2) Inflation & Fed Policy
- Core CPI nowcast: ~3.1%
- Core PCE: ~3.0%
- Fed Funds Rate: 3.75–4.00%
Narrative:
The Fed acknowledges disinflation but warns the “last mile” to 2% is slow.
Markets expect 2–3 rate cuts in 2026, down from the 4+ cuts priced earlier in the year.
3) Equity, Bond, and Credit Tone
- Equities: Trading near cycle highs; earnings revisions stabilizing.
- Credit:
- IG Spread: ~110 bps
- HY Spread: ~380–400 bps
→ Credit markets show no systemic stress.
- Yield Curve: 2s/10s steepening to around +20–30 bps,
→ signaling normalization rather than recession.
4) Policy Watch — Trump Administration
- Expected December tiered tariff framework (5–10% baseline; selective higher brackets).

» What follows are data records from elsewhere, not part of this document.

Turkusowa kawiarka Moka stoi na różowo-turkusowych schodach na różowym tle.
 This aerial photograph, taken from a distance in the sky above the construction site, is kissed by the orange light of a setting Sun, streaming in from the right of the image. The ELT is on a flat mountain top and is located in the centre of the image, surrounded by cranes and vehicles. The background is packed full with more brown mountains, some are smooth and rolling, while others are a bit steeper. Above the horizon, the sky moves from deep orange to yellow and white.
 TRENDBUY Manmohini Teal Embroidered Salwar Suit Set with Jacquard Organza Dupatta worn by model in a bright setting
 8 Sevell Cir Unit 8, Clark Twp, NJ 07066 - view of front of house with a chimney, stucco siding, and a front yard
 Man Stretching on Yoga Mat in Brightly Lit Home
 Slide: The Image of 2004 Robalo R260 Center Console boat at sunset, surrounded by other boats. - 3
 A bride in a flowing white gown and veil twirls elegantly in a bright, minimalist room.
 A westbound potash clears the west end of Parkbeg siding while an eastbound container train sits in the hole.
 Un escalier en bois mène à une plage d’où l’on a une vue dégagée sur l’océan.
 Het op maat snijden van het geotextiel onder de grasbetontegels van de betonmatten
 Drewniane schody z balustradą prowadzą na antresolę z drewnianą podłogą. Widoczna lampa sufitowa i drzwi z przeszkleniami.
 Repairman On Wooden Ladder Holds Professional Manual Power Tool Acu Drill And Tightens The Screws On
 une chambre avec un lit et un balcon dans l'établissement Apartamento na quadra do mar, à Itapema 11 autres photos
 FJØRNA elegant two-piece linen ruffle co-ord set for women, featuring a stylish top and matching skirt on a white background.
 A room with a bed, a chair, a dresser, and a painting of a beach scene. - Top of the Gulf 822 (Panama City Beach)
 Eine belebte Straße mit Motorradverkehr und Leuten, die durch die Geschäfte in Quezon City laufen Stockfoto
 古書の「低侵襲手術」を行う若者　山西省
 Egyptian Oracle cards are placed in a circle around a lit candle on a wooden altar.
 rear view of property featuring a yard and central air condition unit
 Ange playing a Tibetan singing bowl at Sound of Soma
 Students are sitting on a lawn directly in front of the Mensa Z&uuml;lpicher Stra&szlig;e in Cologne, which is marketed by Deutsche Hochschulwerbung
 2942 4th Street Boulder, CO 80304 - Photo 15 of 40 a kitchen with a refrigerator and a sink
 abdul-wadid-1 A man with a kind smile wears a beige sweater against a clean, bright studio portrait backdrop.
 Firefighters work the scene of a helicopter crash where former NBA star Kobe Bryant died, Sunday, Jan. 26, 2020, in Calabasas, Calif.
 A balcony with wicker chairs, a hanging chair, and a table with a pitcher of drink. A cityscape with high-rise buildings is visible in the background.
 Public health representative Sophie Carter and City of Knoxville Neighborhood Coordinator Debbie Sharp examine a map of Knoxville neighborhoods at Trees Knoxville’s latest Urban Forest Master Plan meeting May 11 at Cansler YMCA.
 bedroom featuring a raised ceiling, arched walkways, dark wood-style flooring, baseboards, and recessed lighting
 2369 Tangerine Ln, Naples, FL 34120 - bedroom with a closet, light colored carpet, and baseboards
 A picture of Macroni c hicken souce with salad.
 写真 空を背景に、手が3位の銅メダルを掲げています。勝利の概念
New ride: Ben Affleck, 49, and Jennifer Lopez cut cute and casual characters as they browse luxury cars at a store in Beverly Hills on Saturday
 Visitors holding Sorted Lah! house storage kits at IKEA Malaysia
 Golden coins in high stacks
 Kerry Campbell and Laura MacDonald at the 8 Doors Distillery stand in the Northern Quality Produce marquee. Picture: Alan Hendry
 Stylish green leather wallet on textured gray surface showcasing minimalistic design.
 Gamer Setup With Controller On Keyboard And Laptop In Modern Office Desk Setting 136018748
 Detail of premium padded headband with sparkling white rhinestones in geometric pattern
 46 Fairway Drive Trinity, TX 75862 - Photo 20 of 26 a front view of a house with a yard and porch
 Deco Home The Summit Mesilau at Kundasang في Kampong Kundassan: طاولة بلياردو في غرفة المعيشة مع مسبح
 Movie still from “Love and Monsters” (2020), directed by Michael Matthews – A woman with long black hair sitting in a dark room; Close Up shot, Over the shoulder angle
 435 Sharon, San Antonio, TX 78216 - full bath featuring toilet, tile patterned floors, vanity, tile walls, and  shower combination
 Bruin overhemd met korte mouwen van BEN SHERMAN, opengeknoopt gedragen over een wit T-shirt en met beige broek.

- Fiscal policy remains expansionary, raising medium-term concerns for long-term Treasury supply and yields.
- Immigration tightening could raise wage inflation in 2026.
Final Takeaway
The U.S. economy continues to soften but not break.
Inflation is easing gradually, liquidity is improving, and credit remains stable — but policy uncertainty is real.
Quality large caps, cash-flow-stable companies, and defense/infrastructure themes remain well positioned.
(This content is not investment advice. Investors are responsible for their own decisions.)